Testing and staging environments
Development teams running staging.example.com, uat.example.com, demo.example.com, and test.example.com can cover all staging environments under a single certificate. The alternative is managing separate certificates for each environment, which multiplies the renewal and monitoring burden without adding security value.
Operational Features: Adding, Removing, and Managing SANs
A significant operational advantage of paid multi-domain certificates from commercial CAs is the ability to modify the SAN list and have the certificate reissued within the same validity period. If you add a new domain to your infrastructure mid-cycle, you do not need to purchase a new certificate. You request a reissuance with the updated SAN list, the CA validates the new domain(s), and a new certificate is issued with the revised list and the same expiry date.

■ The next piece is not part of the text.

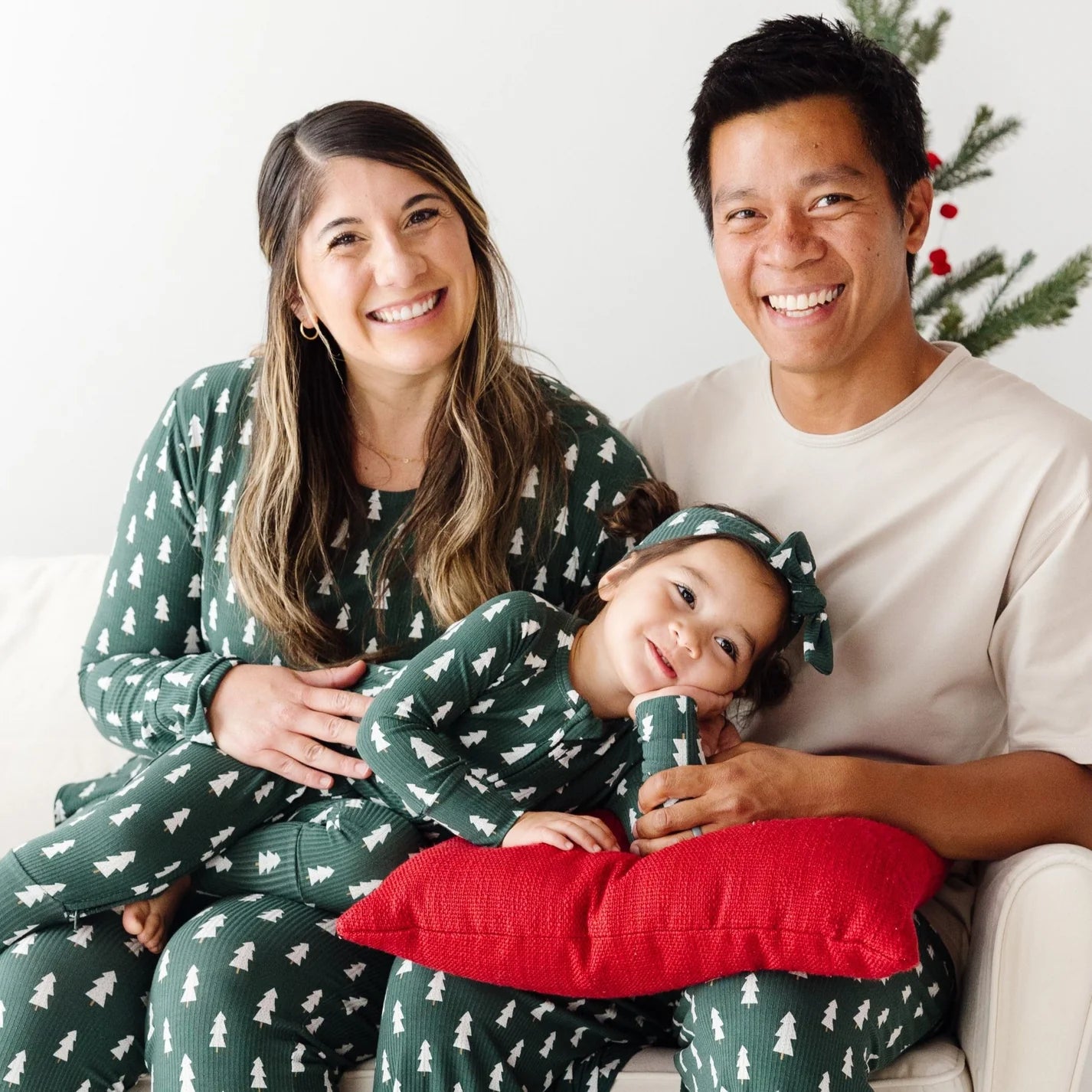 Adult Ribbed Bamboo Straight Leg PJs | Christmas Trees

This contrasts with a certificate issued with a fixed hostname baked in at purchase time. The ability to add SANs during the validity period is a meaningful operational feature for organizations whose domain list evolves over time.
The process for reissuance varies by CA. Most require: generating a new CSR (Certificate Signing Request) that includes all SANs including new ones, submitting a reissuance request to the CA’s management portal, completing domain validation for any newly added domains, and receiving the updated certificate. The private key typically stays the same unless you generate a new CSR with a new key.
When a multi-domain certificate is reissued to add or remove SANs, the new certificate must be deployed to all servers that use it. If you add example.net to an existing certificate and only deploy the new certificate to one server, the other servers continue presenting the old certificate without example.net coverage. Deploy the updated certificate to all servers in the configuration after every reissuance.
Validation Levels for Multi-Domain Certificates
Multi-domain certificates are available at all three validation levels. The validation level determines what appears in the certificate’s identity fields and what the CA verifies.
| Validation level | What the CA verifies | Publisher shown | Right for |
| DV (Domain Validated) | Domain control for each SAN entry | Domain names only; no organization name | Personal sites, developer tools, internal services, non-enterprise deployments |
| OV (Organization Validated) | Domain control plus legal organization name, address, authorized requestor | Verified organization name in certificate details | Business sites, enterprise deployments, any context where organization identity matters |
| EV (Extended Validation) | All OV requirements plus multi-document legal existence and operational verification for each domain in scope | Verified organization name via full extended validation | High-value transactional sites, financial services, contexts requiring the strongest identity assurance across multiple domains |
For Exchange and Microsoft infrastructure deployments, OV is the standard choice: it covers the organization name in the certificate details that IT administrators see when inspecting certificates, and it satisfies enterprise procurement requirements that often specify OV or better.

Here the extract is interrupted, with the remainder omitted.